§ **Directions**
Below is a block of records; reproduce all of them exactly and leave out any pictures.

§ **Records supplied**

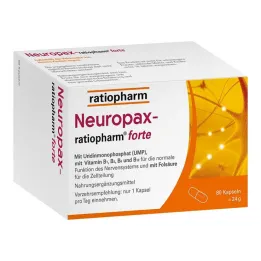 Neuromax-ratiopharm forte kapsler, 80 stk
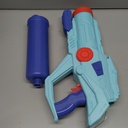 4 PCS Water Guns for Kids, Super Squirt Gun Water Soaker Blaster - Big Size - 32ft Long Shooting Range - High Capacity - Quick Refill - Summer Water Toys Gun for Boys Girls and Adults Outdoor (Blue)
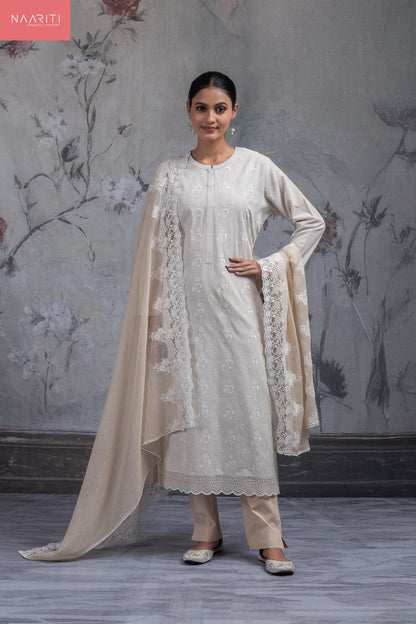 Possy 1 Naariti Handloom Pant Style Suits Manufacturer Ahmedabad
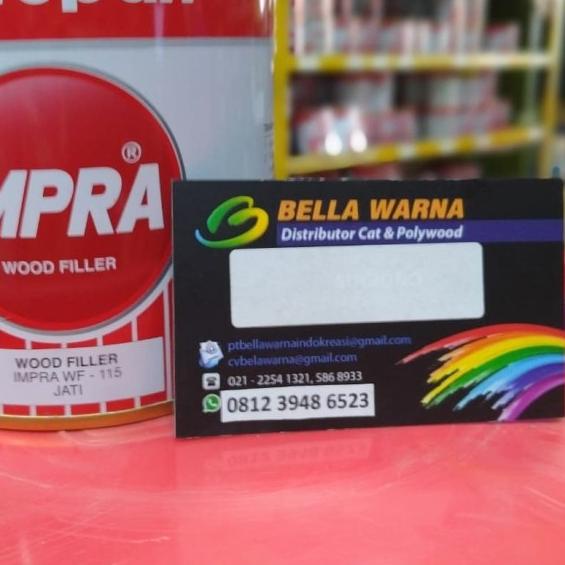 wood filler JATI // dempul kayu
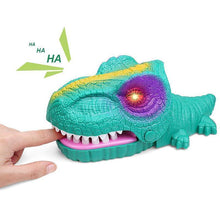 Load image into Gallery viewer, Crazy Dinosaur LED Teeth Game Toy
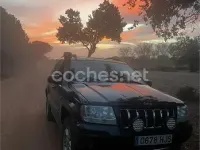 Usado Jeep Grand Cherokee Overland 163 CV (119 kW) 2003 Negro SUV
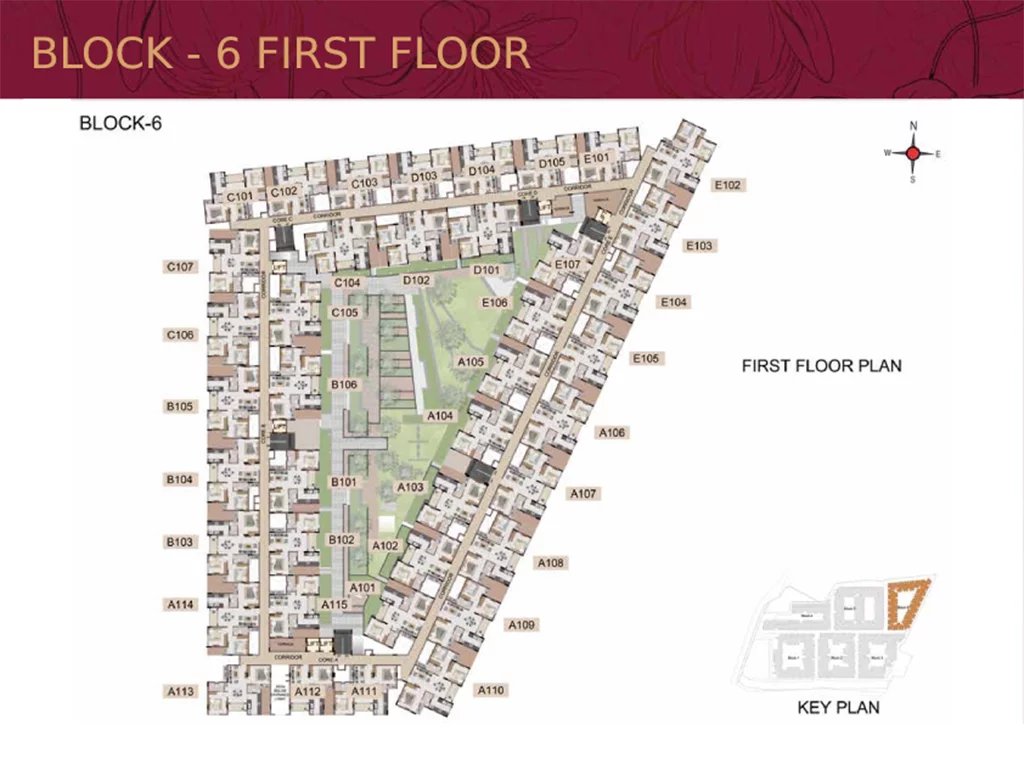 elysium Block   1 Cluster Plan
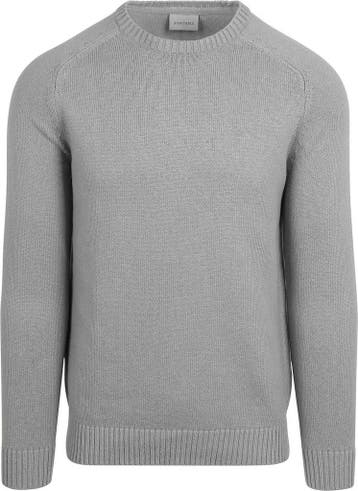 Suitable Pullover Raw Grijs maat Maat 48/50 (M) Heren, Nieuw, Suitable, Grijs, Verzenden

§ **The answer**
 Neuromax-ratiopharm forte kapsler, 80 stk
 4 PCS Water Guns for Kids, Super Squirt Gun Water Soaker Blaster - Big Size - 32ft Long Shooting Range - High Capacity - Quick Refill - Summer Water Toys Gun for Boys Girls and Adults Outdoor (Blue)
 Possy 1 Naariti Handloom Pant Style Suits Manufacturer Ahmedabad
 wood filler JATI // dempul kayu
 Load image into Gallery viewer, Crazy Dinosaur LED Teeth Game Toy
 Usado Jeep Grand Cherokee Overland 163 CV (119 kW) 2003 Negro SUV
 elysium Block   1 Cluster Plan
 Suitable Pullover Raw Grijs maat Maat 48/50 (M) Heren, Nieuw, Suitable, Grijs, Verzenden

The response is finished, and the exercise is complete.